Dataset entries
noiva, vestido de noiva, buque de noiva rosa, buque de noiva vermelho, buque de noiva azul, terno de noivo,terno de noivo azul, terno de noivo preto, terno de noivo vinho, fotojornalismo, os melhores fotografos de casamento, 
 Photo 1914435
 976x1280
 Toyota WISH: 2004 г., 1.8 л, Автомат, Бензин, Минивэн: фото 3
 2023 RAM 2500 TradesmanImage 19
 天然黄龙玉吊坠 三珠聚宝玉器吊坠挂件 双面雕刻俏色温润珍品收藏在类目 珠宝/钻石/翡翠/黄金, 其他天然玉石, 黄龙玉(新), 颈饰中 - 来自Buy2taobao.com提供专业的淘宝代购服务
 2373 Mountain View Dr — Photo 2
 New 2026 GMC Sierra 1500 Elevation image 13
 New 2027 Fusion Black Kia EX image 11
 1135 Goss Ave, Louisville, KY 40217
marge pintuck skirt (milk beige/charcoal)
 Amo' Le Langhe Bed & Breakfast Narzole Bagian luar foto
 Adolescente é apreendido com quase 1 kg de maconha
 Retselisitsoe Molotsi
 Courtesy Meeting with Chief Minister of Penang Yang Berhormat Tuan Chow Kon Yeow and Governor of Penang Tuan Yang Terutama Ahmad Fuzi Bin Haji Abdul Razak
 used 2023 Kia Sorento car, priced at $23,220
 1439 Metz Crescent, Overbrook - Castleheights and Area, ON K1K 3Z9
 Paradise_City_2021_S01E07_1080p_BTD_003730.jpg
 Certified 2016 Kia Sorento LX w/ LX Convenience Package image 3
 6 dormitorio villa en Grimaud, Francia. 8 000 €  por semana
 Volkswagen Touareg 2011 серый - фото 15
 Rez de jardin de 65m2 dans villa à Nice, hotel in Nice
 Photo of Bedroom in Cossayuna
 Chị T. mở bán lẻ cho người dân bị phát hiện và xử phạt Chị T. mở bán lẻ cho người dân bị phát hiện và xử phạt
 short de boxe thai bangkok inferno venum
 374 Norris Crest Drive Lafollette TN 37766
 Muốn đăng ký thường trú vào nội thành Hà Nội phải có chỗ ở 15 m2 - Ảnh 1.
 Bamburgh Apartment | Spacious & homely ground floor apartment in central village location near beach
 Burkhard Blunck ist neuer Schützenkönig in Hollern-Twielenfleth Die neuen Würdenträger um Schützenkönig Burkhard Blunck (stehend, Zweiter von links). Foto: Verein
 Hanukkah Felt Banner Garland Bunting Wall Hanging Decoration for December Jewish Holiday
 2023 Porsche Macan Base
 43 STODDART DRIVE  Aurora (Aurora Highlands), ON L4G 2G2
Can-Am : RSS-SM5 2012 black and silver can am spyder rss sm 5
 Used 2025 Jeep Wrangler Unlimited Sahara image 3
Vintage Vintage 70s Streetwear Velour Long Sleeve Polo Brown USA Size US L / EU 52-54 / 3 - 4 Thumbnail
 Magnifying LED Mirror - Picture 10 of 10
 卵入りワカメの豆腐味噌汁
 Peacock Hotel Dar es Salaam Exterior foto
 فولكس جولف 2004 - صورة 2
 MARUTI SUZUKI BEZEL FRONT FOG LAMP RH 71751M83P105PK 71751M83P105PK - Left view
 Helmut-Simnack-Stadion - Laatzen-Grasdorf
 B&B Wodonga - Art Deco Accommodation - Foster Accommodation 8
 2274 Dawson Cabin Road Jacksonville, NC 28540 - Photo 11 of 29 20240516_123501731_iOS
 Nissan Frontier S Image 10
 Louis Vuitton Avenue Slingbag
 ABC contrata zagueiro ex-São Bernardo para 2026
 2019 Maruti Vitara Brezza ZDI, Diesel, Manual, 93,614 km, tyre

_Task details_:
The entries above must each be repeated exactly.

_Solution for this problem_:
noiva, vestido de noiva, buque de noiva rosa, buque de noiva vermelho, buque de noiva azul, terno de noivo,terno de noivo azul, terno de noivo preto, terno de noivo vinho, fotojornalismo, os melhores fotografos de casamento, 
 Photo 1914435
 976x1280
 Toyota WISH: 2004 г., 1.8 л, Автомат, Бензин, Минивэн: фото 3
 2023 RAM 2500 TradesmanImage 19
 天然黄龙玉吊坠 三珠聚宝玉器吊坠挂件 双面雕刻俏色温润珍品收藏在类目 珠宝/钻石/翡翠/黄金, 其他天然玉石, 黄龙玉(新), 颈饰中 - 来自Buy2taobao.com提供专业的淘宝代购服务
 2373 Mountain View Dr — Photo 2
 New 2026 GMC Sierra 1500 Elevation image 13
 New 2027 Fusion Black Kia EX image 11
 1135 Goss Ave, Louisville, KY 40217
marge pintuck skirt (milk beige/charcoal)
 Amo' Le Langhe Bed & Breakfast Narzole Bagian luar foto
 Adolescente é apreendido com quase 1 kg de maconha
 Retselisitsoe Molotsi
 Courtesy Meeting with Chief Minister of Penang Yang Berhormat Tuan Chow Kon Yeow and Governor of Penang Tuan Yang Terutama Ahmad Fuzi Bin Haji Abdul Razak
 used 2023 Kia Sorento car, priced at $23,220
 1439 Metz Crescent, Overbrook - Castleheights and Area, ON K1K 3Z9
 Paradise_City_2021_S01E07_1080p_BTD_003730.jpg
 Certified 2016 Kia Sorento LX w/ LX Convenience Package image 3
 6 dormitorio villa en Grimaud, Francia. 8 000 €  por semana
 Volkswagen Touareg 2011 серый - фото 15
 Rez de jardin de 65m2 dans villa à Nice, hotel in Nice
 Photo of Bedroom in Cossayuna
 Chị T. mở bán lẻ cho người dân bị phát hiện và xử phạt Chị T. mở bán lẻ cho người dân bị phát hiện và xử phạt
 short de boxe thai bangkok inferno venum
 374 Norris Crest Drive Lafollette TN 37766
 Muốn đăng ký thường trú vào nội thành Hà Nội phải có chỗ ở 15 m2 - Ảnh 1.
 Bamburgh Apartment | Spacious & homely ground floor apartment in central village location near beach
 Burkhard Blunck ist neuer Schützenkönig in Hollern-Twielenfleth Die neuen Würdenträger um Schützenkönig Burkhard Blunck (stehend, Zweiter von links). Foto: Verein
 Hanukkah Felt Banner Garland Bunting Wall Hanging Decoration for December Jewish Holiday
 2023 Porsche Macan Base
 43 STODDART DRIVE  Aurora (Aurora Highlands), ON L4G 2G2
Can-Am : RSS-SM5 2012 black and silver can am spyder rss sm 5
 Used 2025 Jeep Wrangler Unlimited Sahara image 3
Vintage Vintage 70s Streetwear Velour Long Sleeve Polo Brown USA Size US L / EU 52-54 / 3 - 4 Thumbnail
 Magnifying LED Mirror - Picture 10 of 10
 卵入りワカメの豆腐味噌汁
 Peacock Hotel Dar es Salaam Exterior foto
 فولكس جولف 2004 - صورة 2
 MARUTI SUZUKI BEZEL FRONT FOG LAMP RH 71751M83P105PK 71751M83P105PK - Left view
 Helmut-Simnack-Stadion - Laatzen-Grasdorf
 B&B Wodonga - Art Deco Accommodation - Foster Accommodation 8
 2274 Dawson Cabin Road Jacksonville, NC 28540 - Photo 11 of 29 20240516_123501731_iOS
 Nissan Frontier S Image 10
 Louis Vuitton Avenue Slingbag
 ABC contrata zagueiro ex-São Bernardo para 2026
 2019 Maruti Vitara Brezza ZDI, Diesel, Manual, 93,614 km, tyre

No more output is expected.